** Opening Data excerpts block **

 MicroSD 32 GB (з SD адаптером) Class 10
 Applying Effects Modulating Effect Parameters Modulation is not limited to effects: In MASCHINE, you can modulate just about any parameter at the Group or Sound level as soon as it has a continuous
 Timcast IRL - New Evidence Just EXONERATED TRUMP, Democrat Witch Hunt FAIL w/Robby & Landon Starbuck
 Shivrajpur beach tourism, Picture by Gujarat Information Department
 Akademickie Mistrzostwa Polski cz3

** Closing Data excerpts block **
** Opening Data excerpts block **

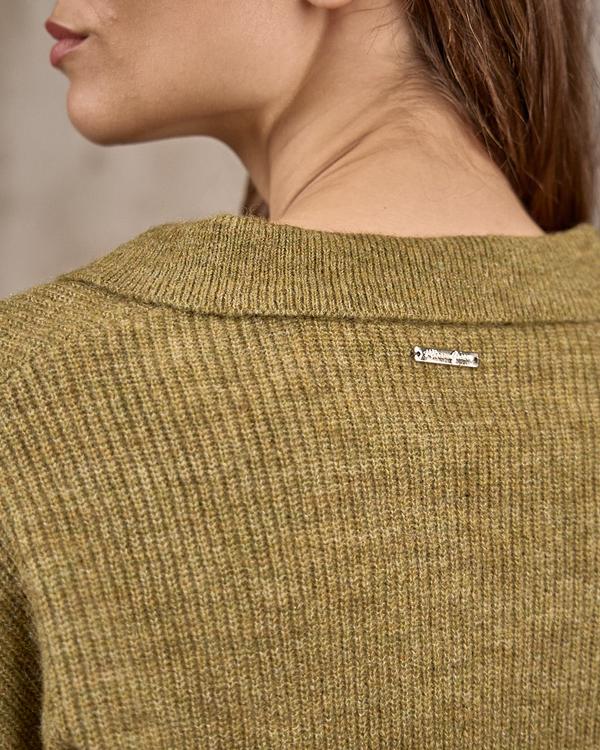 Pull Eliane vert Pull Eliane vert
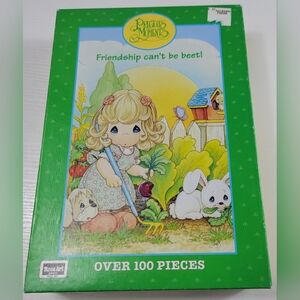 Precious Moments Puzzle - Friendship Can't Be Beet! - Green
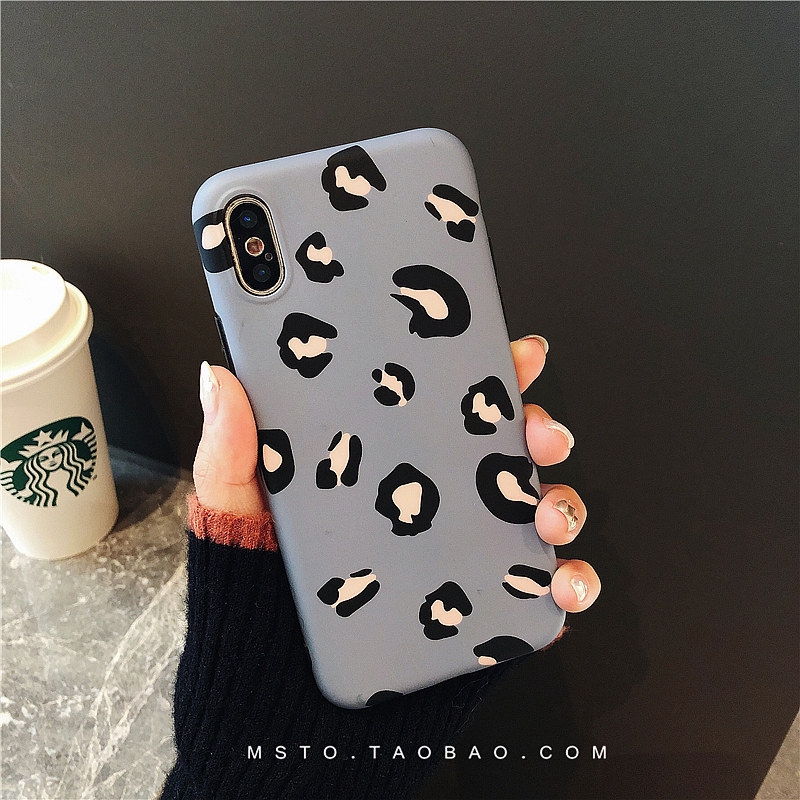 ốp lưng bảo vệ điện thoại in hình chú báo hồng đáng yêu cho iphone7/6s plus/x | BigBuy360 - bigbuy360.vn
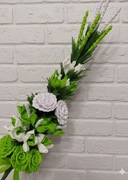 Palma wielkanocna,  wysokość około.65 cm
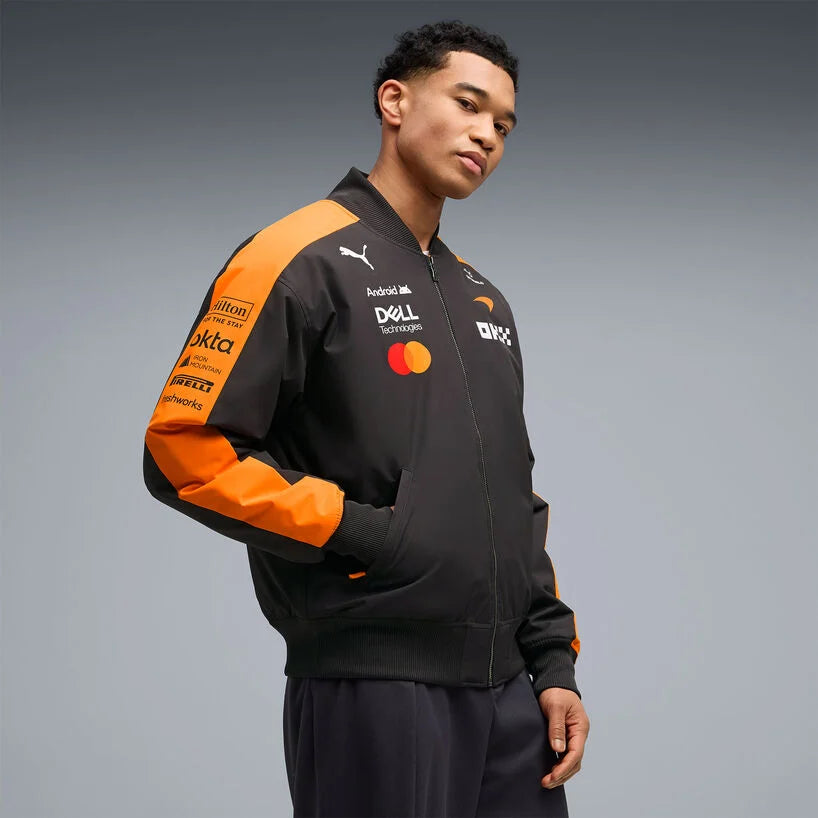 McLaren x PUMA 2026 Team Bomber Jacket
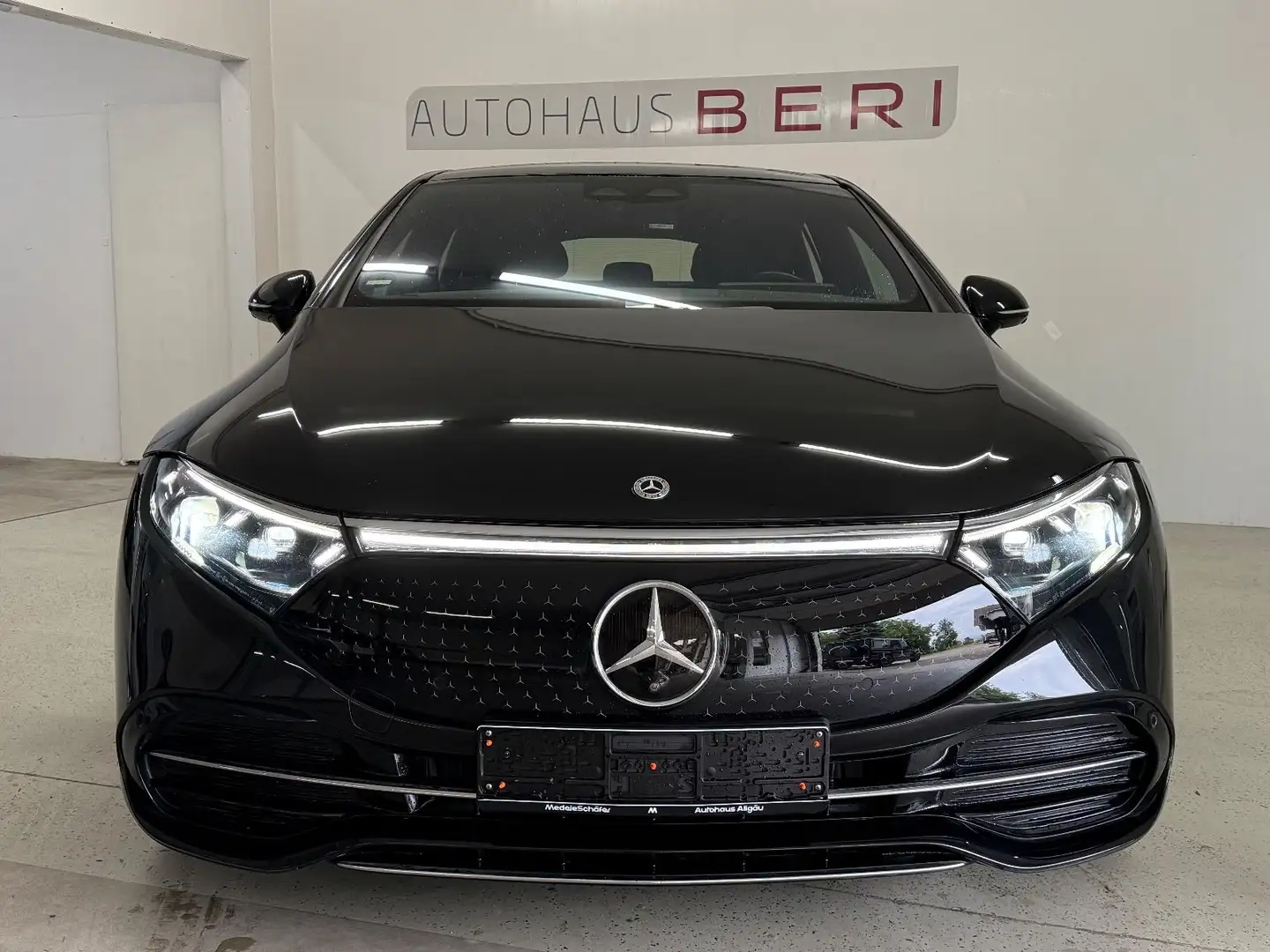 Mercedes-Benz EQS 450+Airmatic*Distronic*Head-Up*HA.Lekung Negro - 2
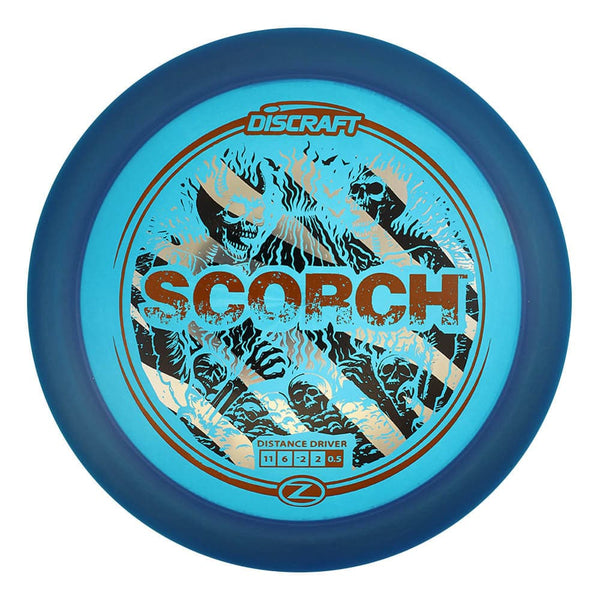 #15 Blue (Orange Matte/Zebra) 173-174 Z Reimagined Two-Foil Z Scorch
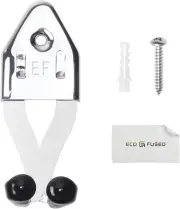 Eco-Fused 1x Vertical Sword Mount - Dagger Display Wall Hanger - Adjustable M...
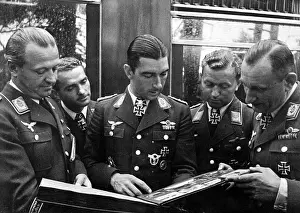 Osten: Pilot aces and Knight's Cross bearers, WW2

** Closing Data excerpts block **

* [Task requirements] Leave out the images and write out the lines above exactly, from the one with "ốp lưng bảo" up to and including the one with "Osten: Pilot aces".

* [Solution to the problem]
 ốp lưng bảo vệ điện thoại in hình chú báo hồng đáng yêu cho iphone7/6s plus/x | BigBuy360 - bigbuy360.vn
 Palma wielkanocna,  wysokość około.65 cm
 McLaren x PUMA 2026 Team Bomber Jacket
 Mercedes-Benz EQS 450+Airmatic*Distronic*Head-Up*HA.Lekung Negro - 2
 #15 Blue (Orange Matte/Zebra) 173-174 Z Reimagined Two-Foil Z Scorch
 Eco-Fused 1x Vertical Sword Mount - Dagger Display Wall Hanger - Adjustable M...
 Osten: Pilot aces and Knight's Cross bearers, WW2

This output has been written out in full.